Music tempo app good for runners

Dunedin student Jordan Frost has created an app which finds music of a similar tempo for athletes...
Dunedin student Jordan Frost has created an app which finds music of a similar tempo for athletes to listen to achieve a desired running speed. PHOTO: SHAWN MCAVINUE
For Startup Dunedin's Audacious latest nine-week programme, University of Otago and Otago Polytechnic students take an idea to solve a problem and make it a business. In a series, business reporter Shawn McAvinue talks to students who won prizes for their ideas.
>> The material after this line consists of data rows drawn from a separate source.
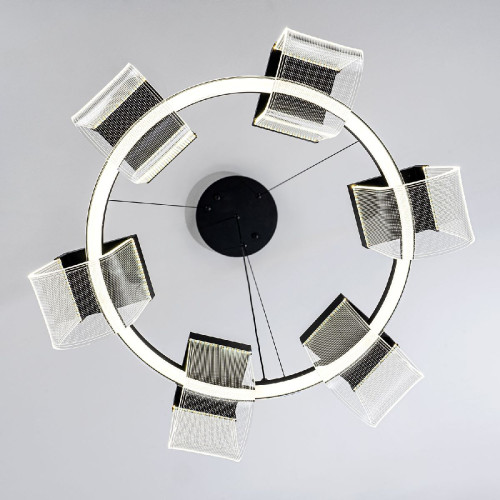 Подвесная люстра LED4U L7707-600 BK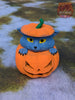 Cute Wolf Cub in Smiling Pumpkin 3D Printed Dice Jail | Dice Vault | Storage Box | Cosplay- Unleash the adorable charm of the Cute Wolf Cub!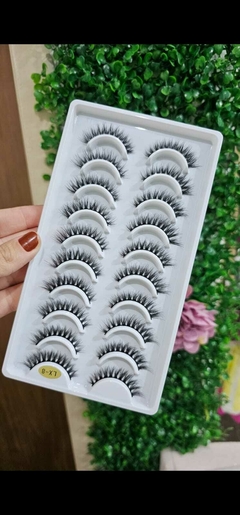 Cílios postiços 10 pares - La Petit Makeup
This week he talks to Jordan Frost (20), of Shiel Hill, about his app designed to keep runners up to speed.

Otago Polytechnic student Jordan Frost listens to music when he’s running.

To enhance the experience when exercising, he has designed an app, allowing runners to create a playlist of songs which share the same number of beats per minute.

Runners select their desired beat per minute to match their desired steps per minute to achieve their "cadence" — a consistent number of steps taken per minute — a factor which makes up a runner's speed.

Part of the motivation for the app was Ethiopian long-distance runner Haile Gebrselassie listening to the song Scatman (Ski-Ba-Bop-Ba-Dop-Bop) by Scatman John on repeat to break a 10,000m world record.

An upbeat tempo could improve a runner’s technique by keeping their weight forward on their toes — rather than back on their heels — and improve their posture, "running economy" and mood, as well as prevent injuries.

The app works with a range of music-playing apps, such as Spotify, or devices used to store music files, such as iPhones.

As market research for the app, he stood outside a Dunedin gym for seven hours to talk to people about how they used music to help them exercise.

He was continuing to develop the app and test it to remove any bugs.

At the Audacious prizegiving in Dunedin last month for the app, he won the $500 cash best pitch prize and the Maori business boot camp prize.